The study also calls out a “regulatory disconnect” with over two-thirds of those surveyed noting difficulties keeping up with the new rules: a similar proportion of respondents also note regulators don’t “pay enough attention” to fund managers on ESG.
“Looking ahead, asset-management companies see further ESG regulation on the horizon; 78% say they will need to prepare for further ESG regulation over the next few years, and a similar proportion (74%) say they will need to invest more in their ESG capabilities,” the IIA paper says. “Overall, however, the industry favors a market-driven approach to addressing ESG concerns, with 73% agreeing that the market is often better at driving forward ESG than regulators.”

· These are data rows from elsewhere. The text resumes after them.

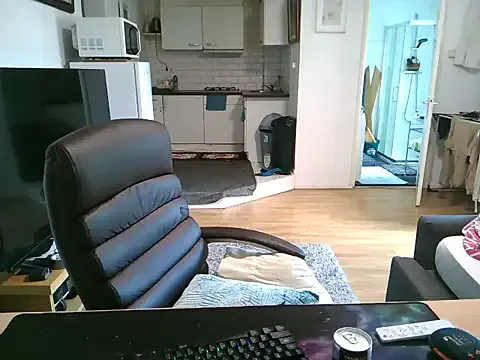 p6w_official – webcam model profile photo Image 6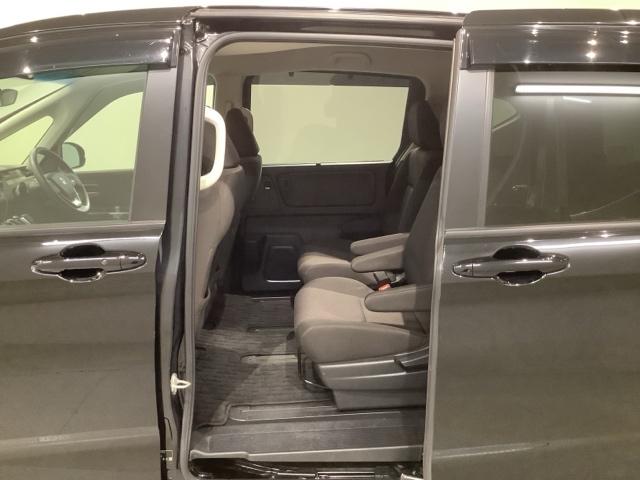 フリードハイブリッド ハイブリッド・Ｇ　Ｈ　ＳＥＮＳＩＮＧ　最長５年保証　ワンオーナー　Ｒカメラ　ＢＴオ－ディオ　ＥＴＣ　ＬＥＤライト　両側電動ドアＶＳＡ　シ－トヒ－タ－　クルコン　スマ－トキ－　スペアキ－　盗難防止装置　整備記録簿　ＡＡＣ（32枚目）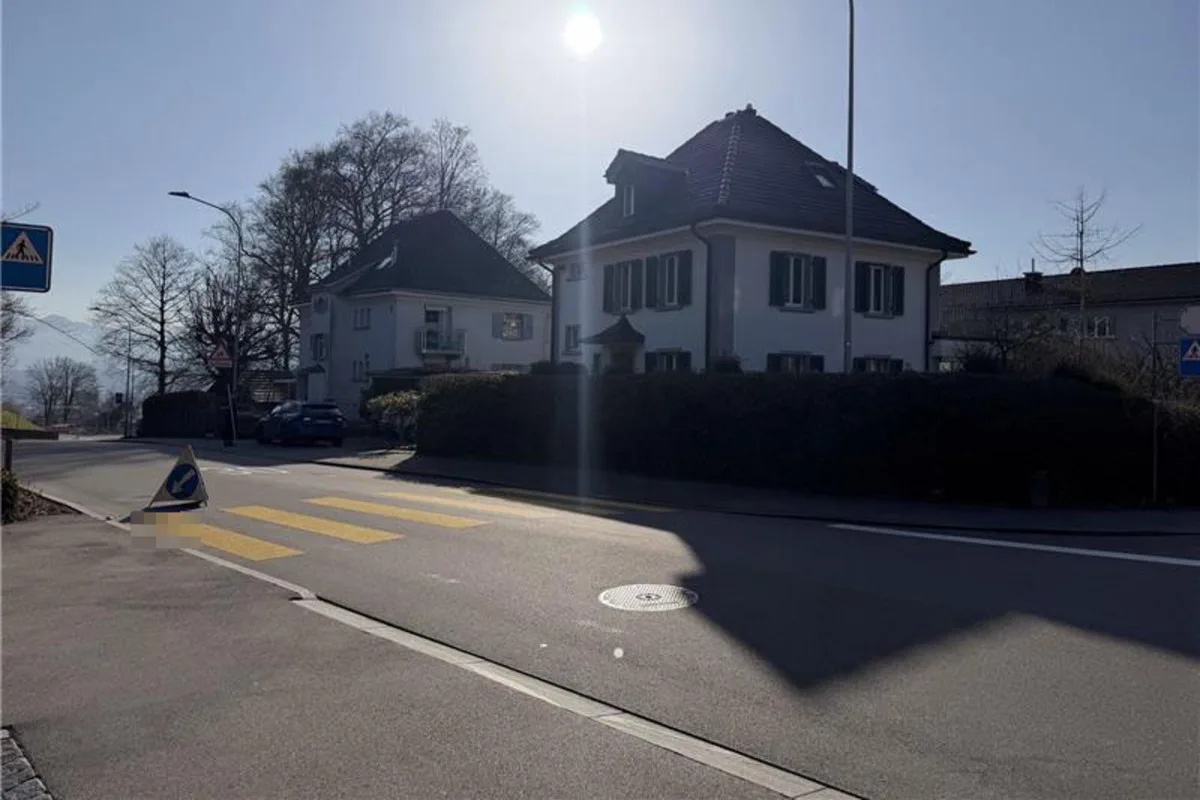 Unfall in St.Gallen – Autofahrerin übersieht Fussgänger (90)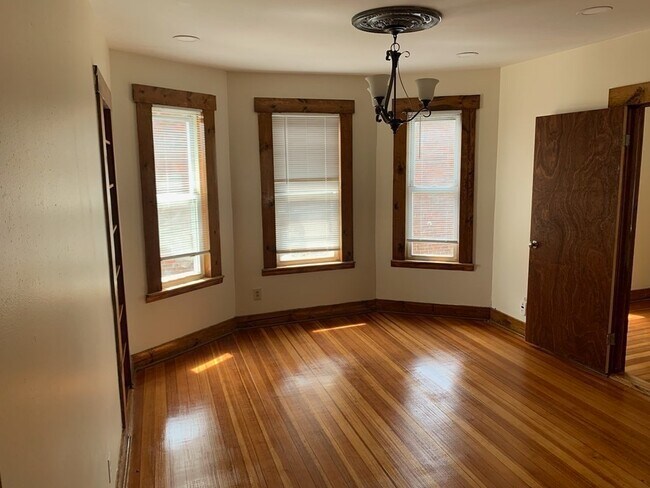 Building Photo - 962 Blue Hill Ave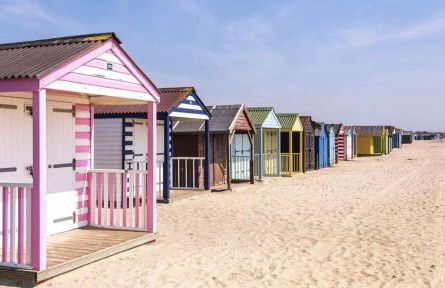 The Showman's Carriage w King Bed close to beach - Foto 68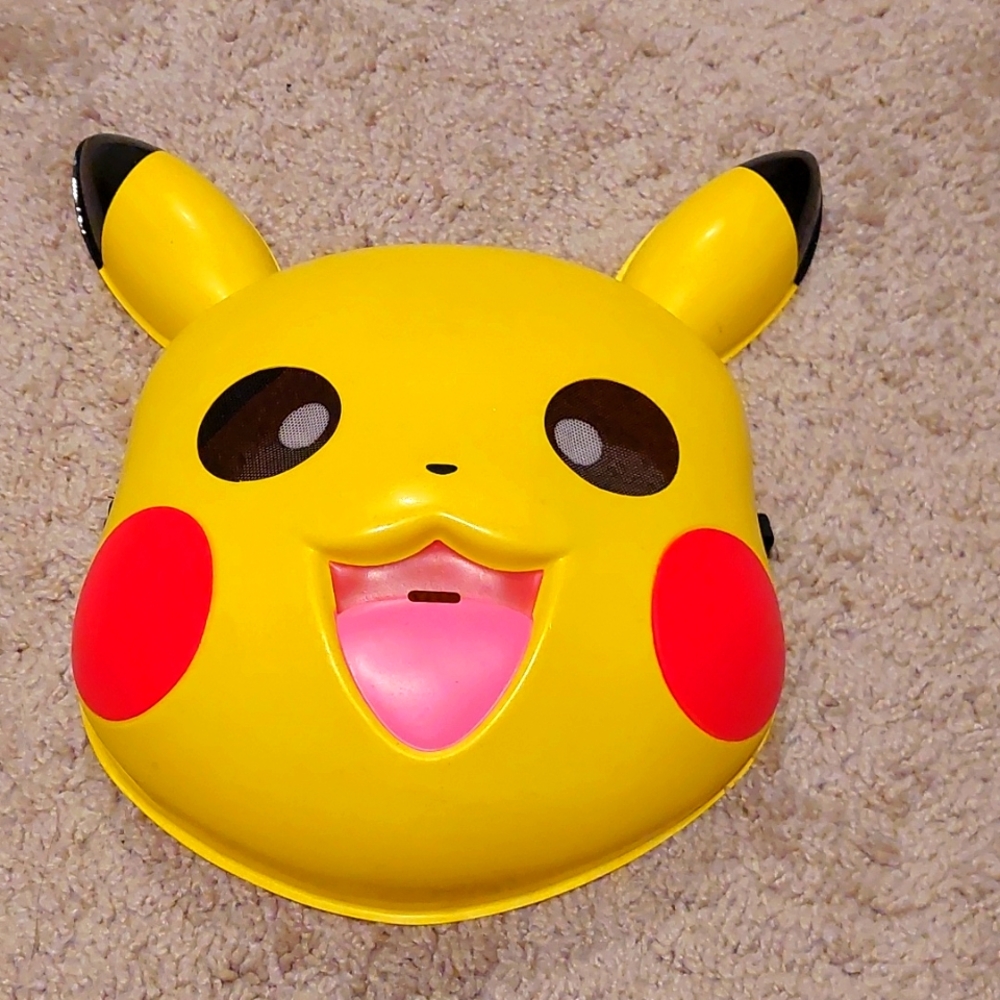 Pikachu Mask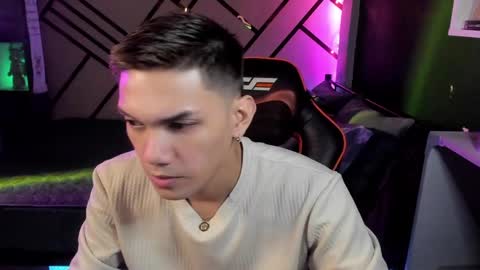 Snapshot of scorphoenix chatting on January 3, 2025, 8:43 pm Not Angelo online show from January 3, 2025, 8:43 pm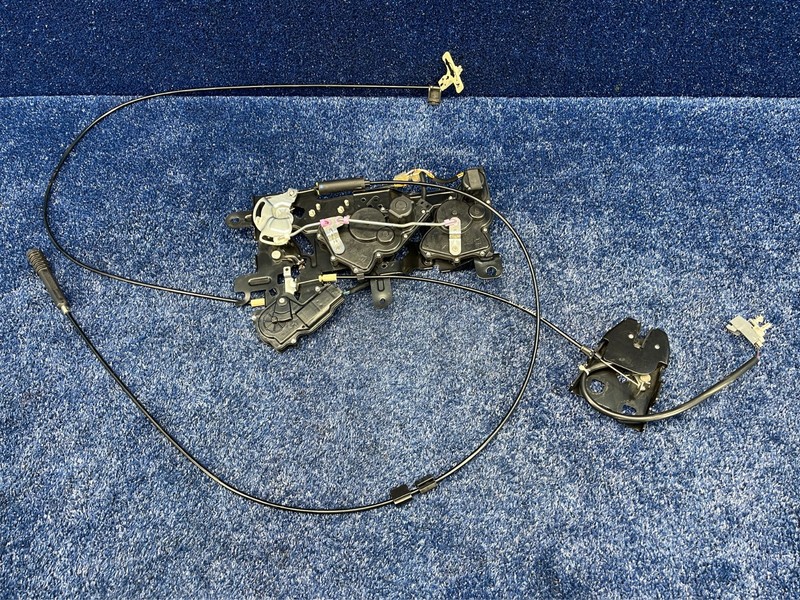 06-10 SATURN SKY-PONTIAC SOLSTICE REAR TRUNK LOCK LATCH ACTUATOR RELEASE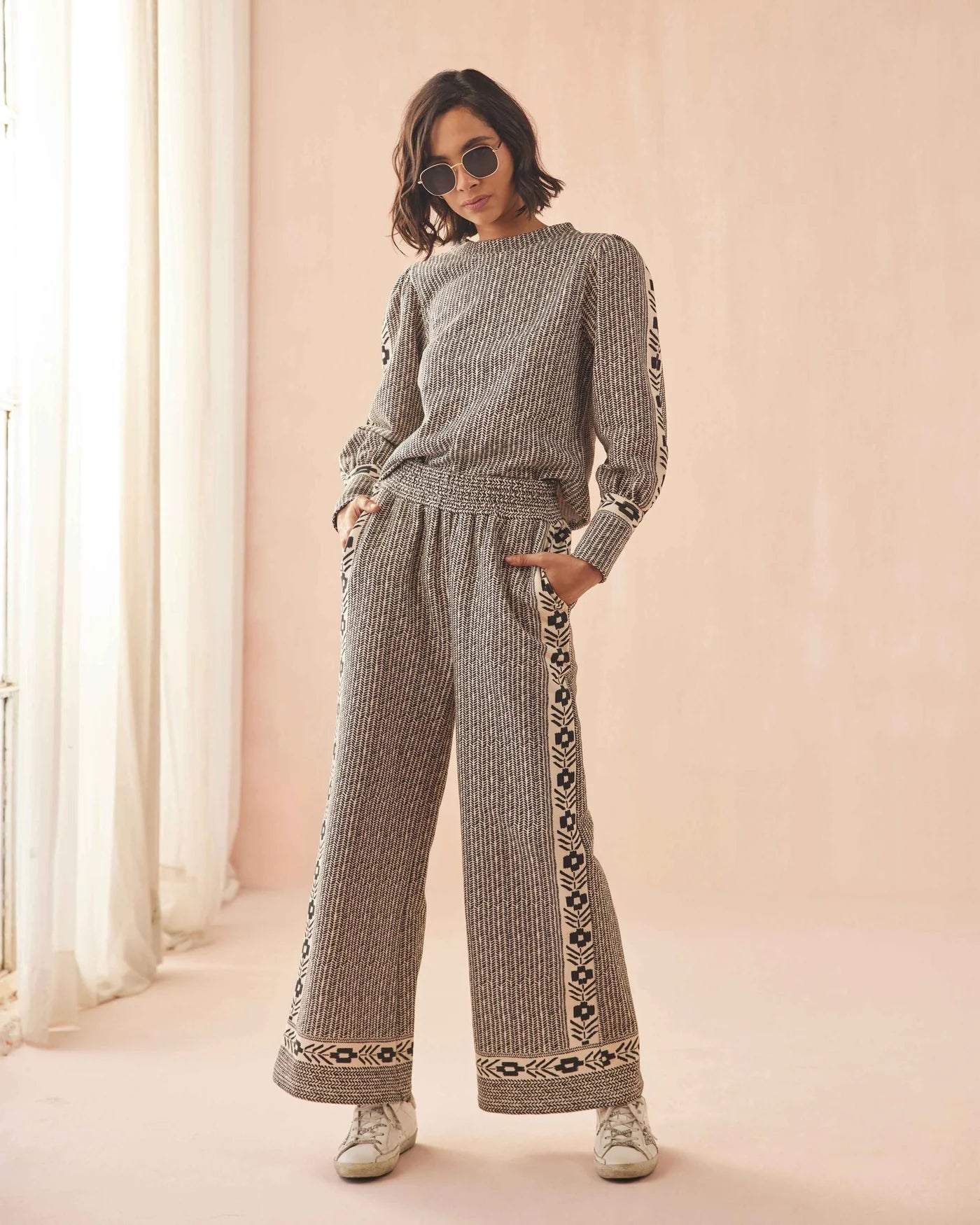 Reece Sweatpants - Sesame - Elle Maxine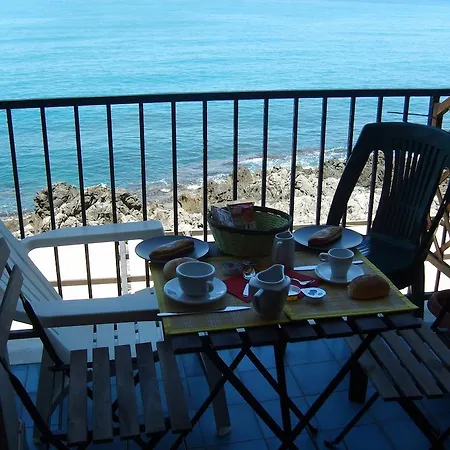 בית הארחה Ammaresiamo Ltb צ'פאלו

Despite the challenges, close to 90 per cent of those surveyed expect grow their ESG investing services over the next three years led by both client demand and internal strategic motives.
“Investors’ growing focus on ESG factors is driven by a strong alignment between financial and societal goals—put simply, asset managers see it as good for their clients and good for society,” the IIA report says. “According to our survey, the main factors driving ESG investment are client demand (54%), desire for increased return (44%), portfolio diversification (42%), investment policy (40%), concern for ESG factors (40%), and reputation or regulatory risk (36%).”
Furthermore, the survey found just over 70 per cent of respondents saw indexes as vehicles to both codify “consistent ESG standards and best practices” and have a lead role in industry debate on the subject.
“However, they did not see the role of indexes extending to include the development of ESG standards themselves, and 60% agreed that more complicated questions should be left to the market and to regulators to address,” the IIA report says.
About 40 per cent of managers in the survey use indexes for benchmarking and/or building ESG investment products.
Headed by Rick Redding, the IIA is the peak global body for the index industry, whose members collectively oversee almost 3.3 million indices at the latest count. About 90 per cent of financial indices centre around equities, the IIA study says.